However, it is very likely that the accuracy of ‘general’ disorder prediction has natural limits. These limits are only partly determined by the obvious ‘noise’ in the datasets used for training of disorder predictors; another reason is that intrinsic disorder is a highly heterogeneous phenomenon and, structurally IDPs/IDRs can range from relatively ordered collapsed molten globule-like species to highly disordered, coil-like or premolten globule-like conformations [4-7]. Furthermore, research shows that IDRs and IDPs are very sensitive to changes in amino acid sequences and to the peculiarities of their environment [210]. On the other hand, the environmental conditions for living organisms vary naturally, from highly acidic to highly alkaline, and from cold to hot. They also can be characterized by extremely high salinity or by extremely high hydrostatic pressure. All this could have profound effects on protein structure, dynamics and function and, therefore, can influence the accuracy of disorder prediction. Finally, some IDPs/IDRs never fold, and their disordered ensembles are the biologically active states, while other IDPs/IDRs undergo function-related structural transitions. Obviously, all these structural-, functional- and environment-specific peculiarities are also encoded in the amino acid sequences. For example, a recent analysis revealed that the disordered regions of the α-helical bundle integral membrane proteins, those of the β-barrel integral membrane proteins and those of the water-soluble proteins, all exhibit statistically distinct amino acid compositional biases [211]. Another example is foldable IDRs (or MoRFs), which are mostly disordered while free in solution, but are able to gain unique structure when bound to specific partners. These regions where shown to be characterized by specific and identifiable sequence features [35,36,38,212]. However, none of these structural-, functional- or environment-specific sequence features are explicitly considered by current ‘generalized’ disorder predictors, thus affecting their overall accuracy. For example, short disordered regions have distinct sequence biases, and are known to be less accurately predictable than the long regions by current predictors [213,214]. Therefore, the possible future gain in disorder prediction accuracy is potentially associated with the development of specialized predictors utilizing unique environment-, structure- and function-specific features of IDP sequences.
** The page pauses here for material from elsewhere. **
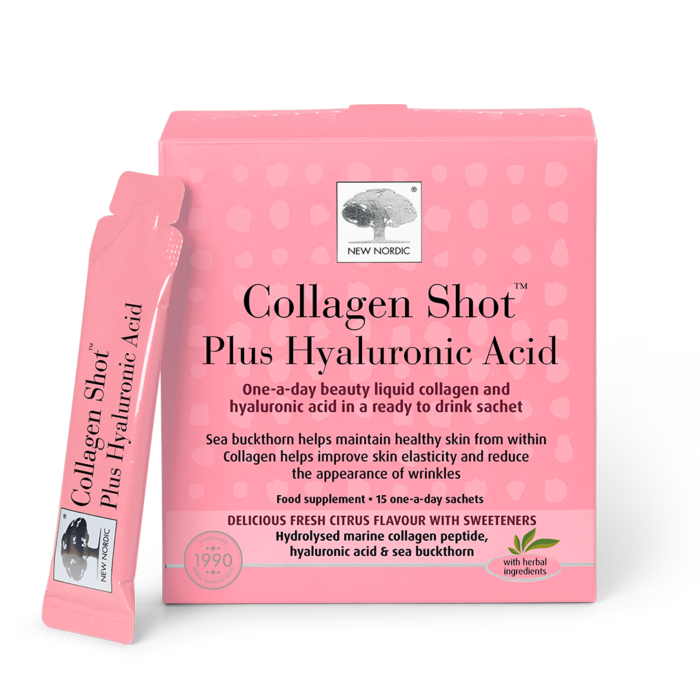 Collagen Shot™ Plus Hyaluronic Acid Box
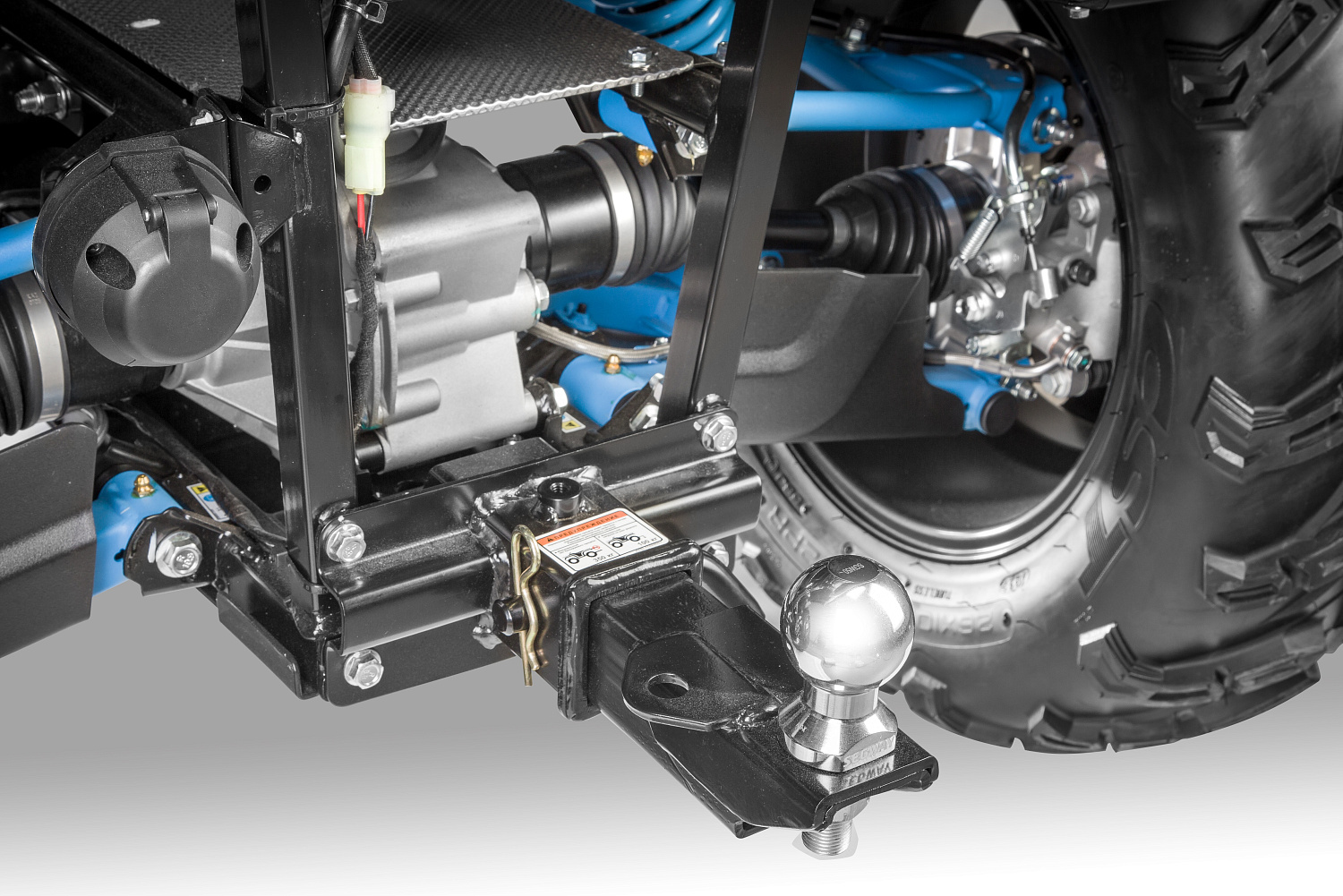  Квадроцикл Segway SNARLER AT6 LE в Орехово-Зуево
The large number of currently available disorder predictors, with their great variability of prediction ideas, computing techniques and training attributes, makes the choice of a suitable tool a difficult task. The problem is further aggravated by the fact that different predictors often give different (at times, dramatically different) answers for a given protein. One of the possible solutions for this problem is the development of so-called meta-predictors, where the predicted results from a collection of individual predictors are used as the inputs for a meta-predictor. This approach often results in improvement of the prediction accuracy, since the different predictors are orthogonal (i.e., they utilize complementary information arising from different sequence features, different prediction models and different training sets) [215-218].
IDPs in diseases
Application of various bioinformatics tools revealed that IDPs are commonly associated with various diseases. On the other hand, the results of this analysis (Figure 2B) show that there is no significant difference in the abundance of long disordered regions between the normal proteins involved in cell signaling and the pathological proteins responsible for the development of various diseases (e.g., cancer, neurodegenerative diseases, cardiovascular disease and diabetes). This clearly shows that high levels of intrinsic disorder in proteins are not sufficient to cause the development of disease.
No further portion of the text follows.